* _Requirement_: Data follows below. Repeat exactly the lines between the line holding "Invitación Bowling, strike" and the line holding "Torrid Pink Floral", inclusive, and nothing more; drop pictures.

* _Source data_:
/---
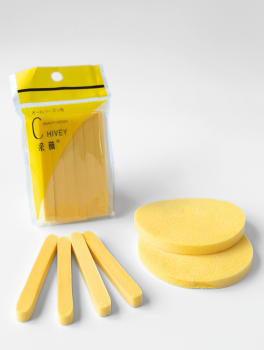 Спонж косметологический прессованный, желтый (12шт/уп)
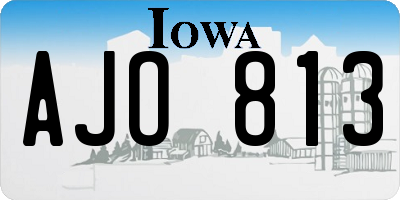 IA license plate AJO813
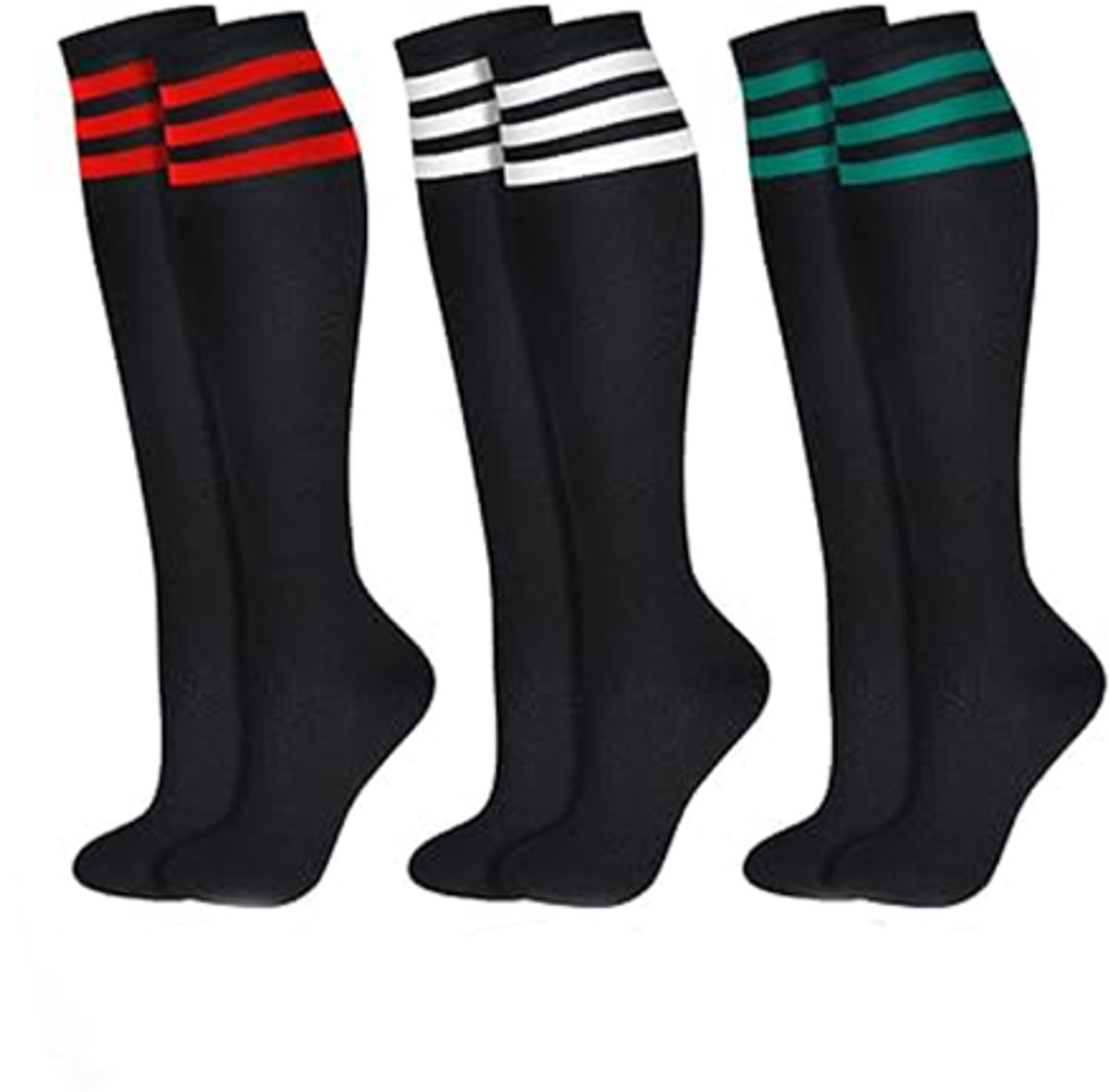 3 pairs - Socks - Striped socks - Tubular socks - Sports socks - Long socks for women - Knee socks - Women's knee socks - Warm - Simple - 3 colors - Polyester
\---
/---
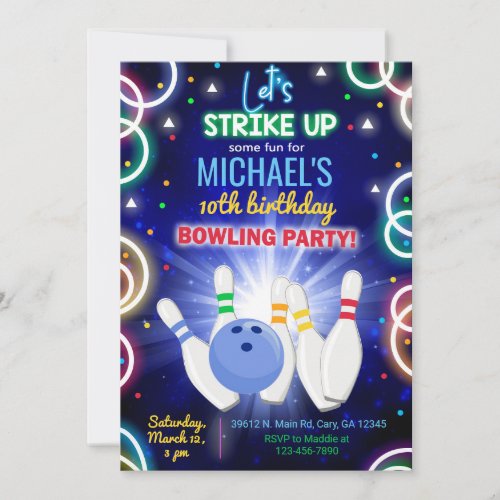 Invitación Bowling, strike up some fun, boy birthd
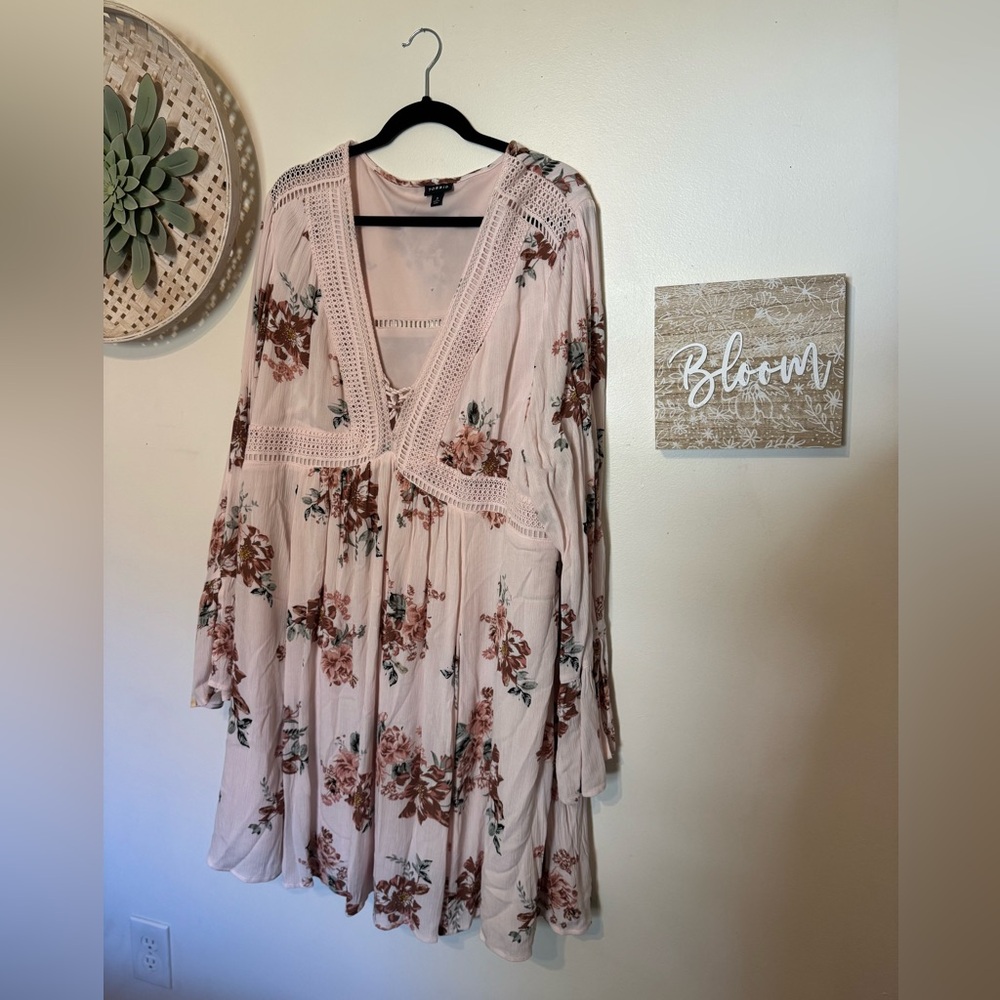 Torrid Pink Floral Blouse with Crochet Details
\---
/---
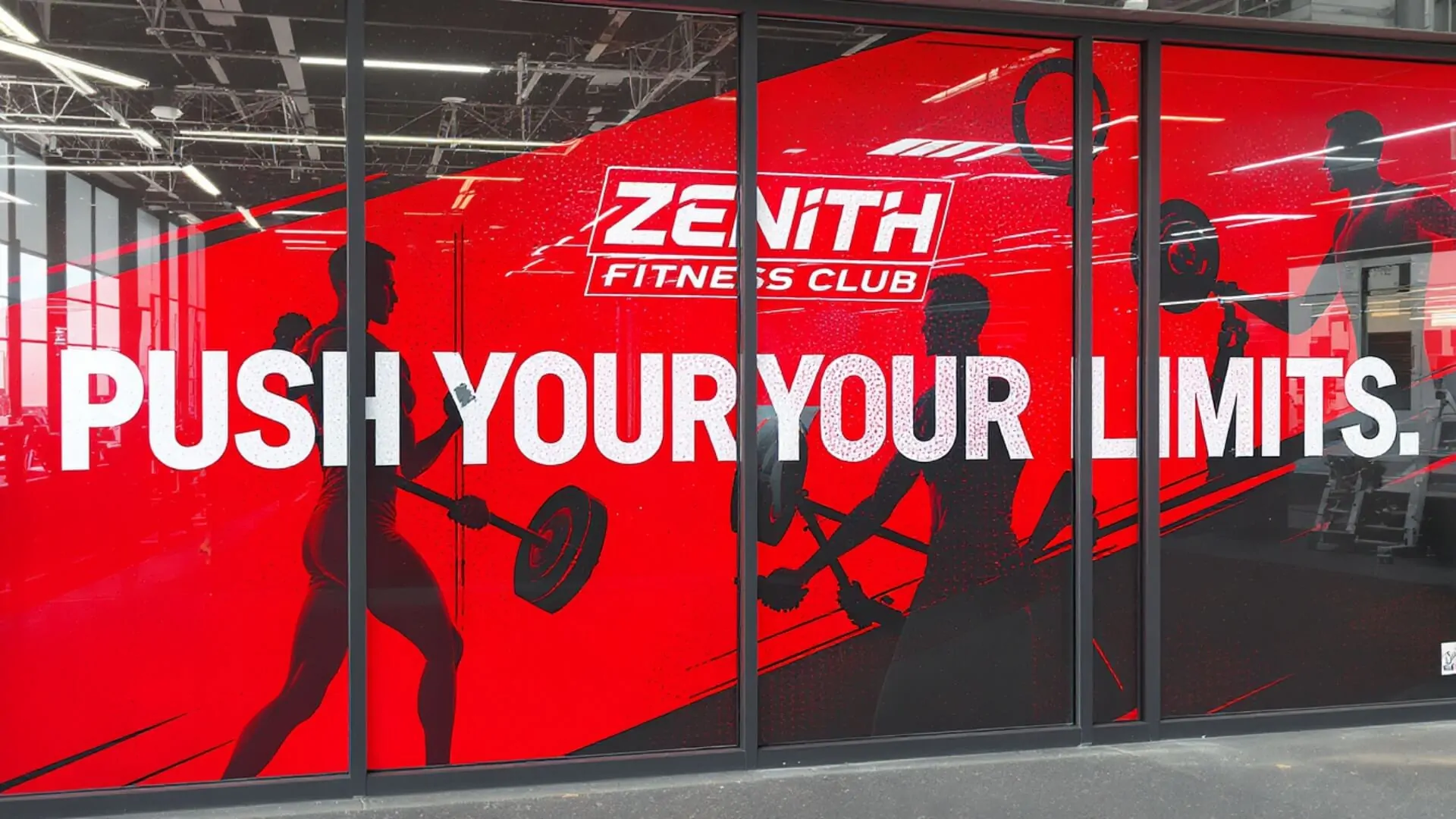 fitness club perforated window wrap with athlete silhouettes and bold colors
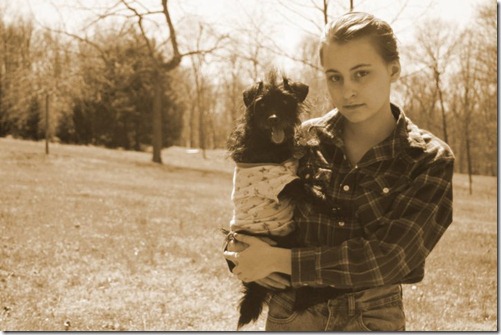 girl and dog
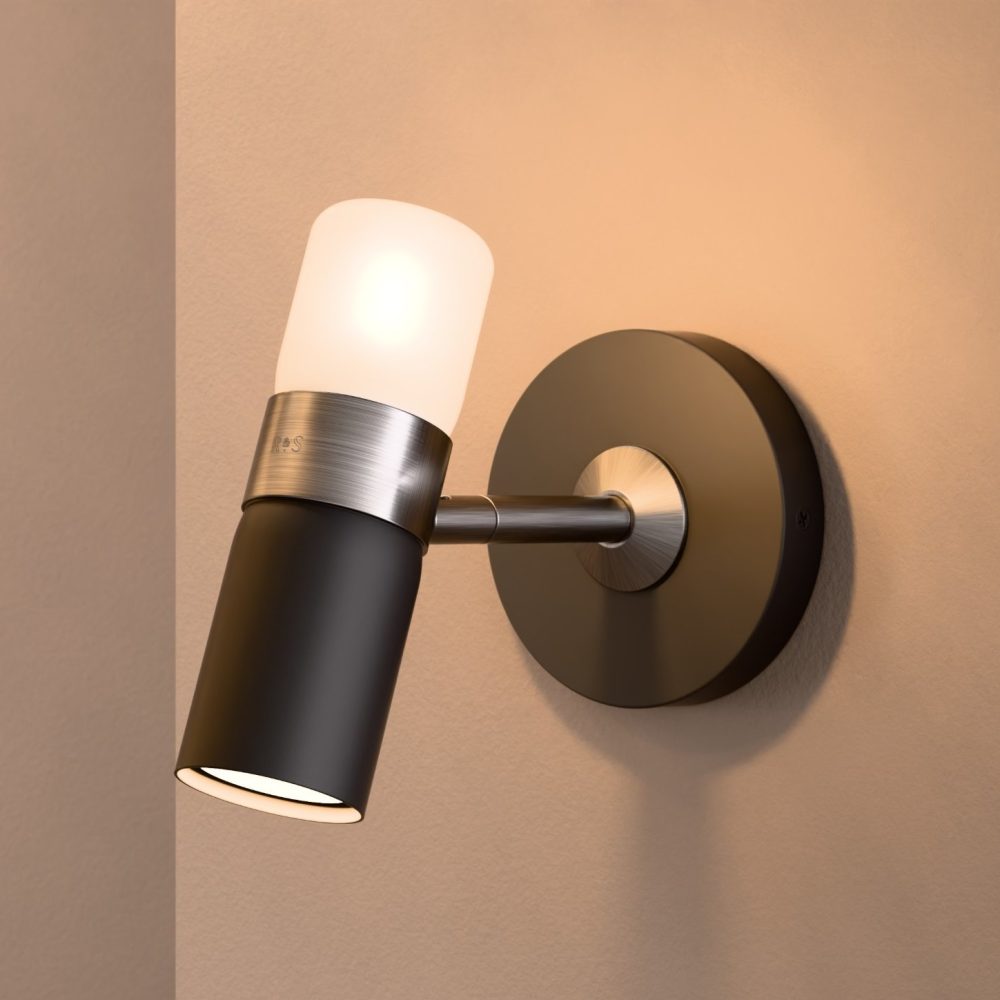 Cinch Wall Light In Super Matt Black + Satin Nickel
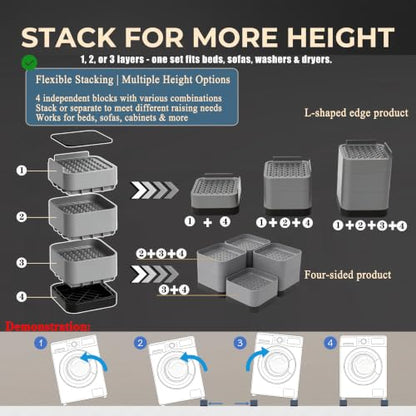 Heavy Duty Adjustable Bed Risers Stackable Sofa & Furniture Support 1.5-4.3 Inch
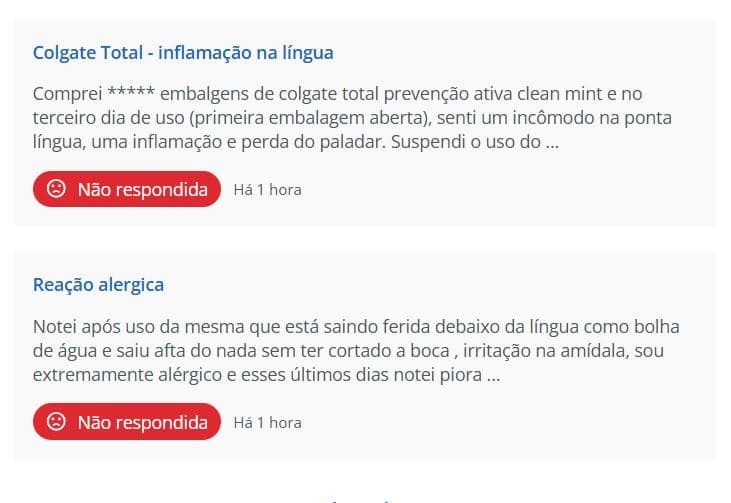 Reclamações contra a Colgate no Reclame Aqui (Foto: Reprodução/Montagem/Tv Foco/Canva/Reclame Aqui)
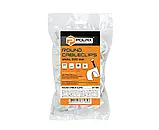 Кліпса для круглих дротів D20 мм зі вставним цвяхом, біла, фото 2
\---
* _Result for this exercise_:
 Invitación Bowling, strike up some fun, boy birthd
 Torrid Pink Floral Blouse with Crochet Details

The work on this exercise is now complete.